On nan contrary, ‘text-embedding-ada-002’ gave 0.98 cosine similarity betwixt those versions.
Title 1 | Title 2 | Cosine Similarity |
14 Most Important Meta And HTML Tags You Need To Know For SEO | 15 Most Important Meta And HTML Tags You Need To Know For SEO | 0.92 |
14 Most Important Meta And HTML Tags You Need To Know For SEO | Meta Tags: What You Need To Know For SEO | 0.76 |
Here, we spot that this exemplary is not rather a bully fresh for comparing titles.
text-embedding-3-large
This model’s dimensionality is 3072, which is 2 times higher than that of ‘text-embedding-3-small’ and ‘text-embedding-ada-002′, pinch 1536 dimensionality.
As it has much dimensions than nan different models, we could expect it to seizure semantic meaning pinch higher precision.
However, it gave nan 2nd and 4th articles cosine similarity of 0.70 and nan 5th and 7th articles similarity of 0.75.
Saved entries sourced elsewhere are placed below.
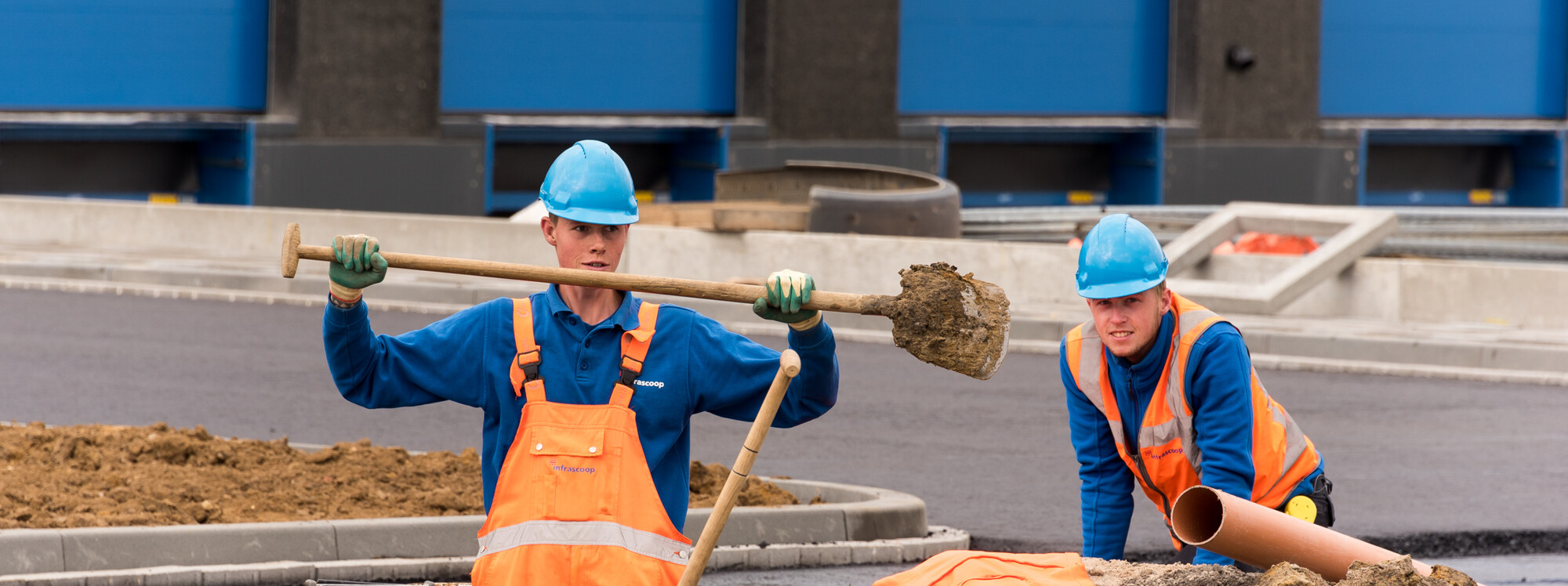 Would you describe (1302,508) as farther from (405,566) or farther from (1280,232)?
(1280,232)

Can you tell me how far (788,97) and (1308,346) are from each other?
47.3 ft

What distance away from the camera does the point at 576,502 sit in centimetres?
362

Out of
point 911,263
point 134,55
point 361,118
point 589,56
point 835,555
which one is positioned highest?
point 589,56

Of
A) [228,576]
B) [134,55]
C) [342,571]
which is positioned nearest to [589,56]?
[134,55]

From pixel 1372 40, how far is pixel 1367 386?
2000 cm

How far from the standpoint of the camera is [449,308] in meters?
15.6

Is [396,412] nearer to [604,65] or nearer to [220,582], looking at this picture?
[220,582]

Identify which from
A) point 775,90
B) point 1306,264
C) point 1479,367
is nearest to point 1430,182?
point 775,90

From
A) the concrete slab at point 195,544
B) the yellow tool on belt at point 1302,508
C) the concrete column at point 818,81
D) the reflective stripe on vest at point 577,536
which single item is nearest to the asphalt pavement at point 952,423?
the concrete slab at point 195,544

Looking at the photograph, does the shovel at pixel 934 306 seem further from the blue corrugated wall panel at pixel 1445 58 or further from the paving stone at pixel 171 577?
the blue corrugated wall panel at pixel 1445 58

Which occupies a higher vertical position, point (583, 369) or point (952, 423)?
point (583, 369)

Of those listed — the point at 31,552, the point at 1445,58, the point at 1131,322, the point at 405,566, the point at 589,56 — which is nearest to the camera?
the point at 1131,322

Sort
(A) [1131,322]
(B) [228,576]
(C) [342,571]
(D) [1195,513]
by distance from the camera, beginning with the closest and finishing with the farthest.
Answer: (D) [1195,513] < (A) [1131,322] < (B) [228,576] < (C) [342,571]

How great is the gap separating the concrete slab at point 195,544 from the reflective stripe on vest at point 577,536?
2925 millimetres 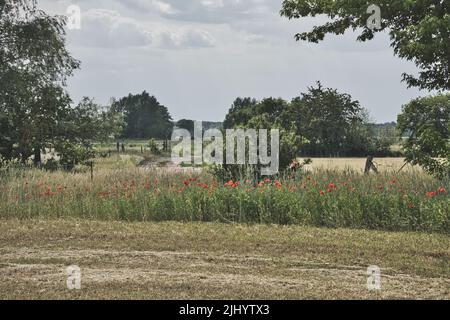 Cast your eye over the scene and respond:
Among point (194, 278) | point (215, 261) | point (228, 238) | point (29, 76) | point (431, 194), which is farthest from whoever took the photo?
point (29, 76)

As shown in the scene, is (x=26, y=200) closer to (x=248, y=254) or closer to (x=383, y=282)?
(x=248, y=254)

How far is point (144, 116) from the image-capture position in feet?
235

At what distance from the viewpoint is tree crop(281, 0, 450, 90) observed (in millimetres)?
11531

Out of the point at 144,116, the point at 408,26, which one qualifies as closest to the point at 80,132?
the point at 408,26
I’ve tested it again pinch somewhat modified versions of nan first article pinch ’15’ vs. ’14’ and without ‘Most Important’ successful nan title.
- “14 Most Important Meta And HTML Tags You Need To Know For SEO”
- “15 Most Important Meta And HTML Tags You Need To Know For SEO”
- “14 Meta And HTML Tags You Need To Know For SEO”
Title 1 | Title 2 | Cosine Similarity |
14 Most Important Meta And HTML Tags You Need To Know For SEO | 15 Most Important Meta And HTML Tags You Need To Know For SEO | 0.95 |
14 Most Important Meta And HTML Tags You Need To Know For SEO | 14 Most Important Meta And HTML Tags You Need To Know For SEO | 0.93 |
14 Most Important Meta And HTML Tags You Need To Know For SEO | Meta Tags: What You Need To Know For SEO | 0.70 |
15 Most Important Meta And HTML Tags You Need To Know For SEO | 14 Most Important Meta And HTML Tags You Need To Know For SEO | 0.86 |
So we tin spot that ‘text-embedding-3-large’ is underperforming compared to ‘text-embedding-ada-002’ erstwhile we cipher cosine similarities betwixt titles.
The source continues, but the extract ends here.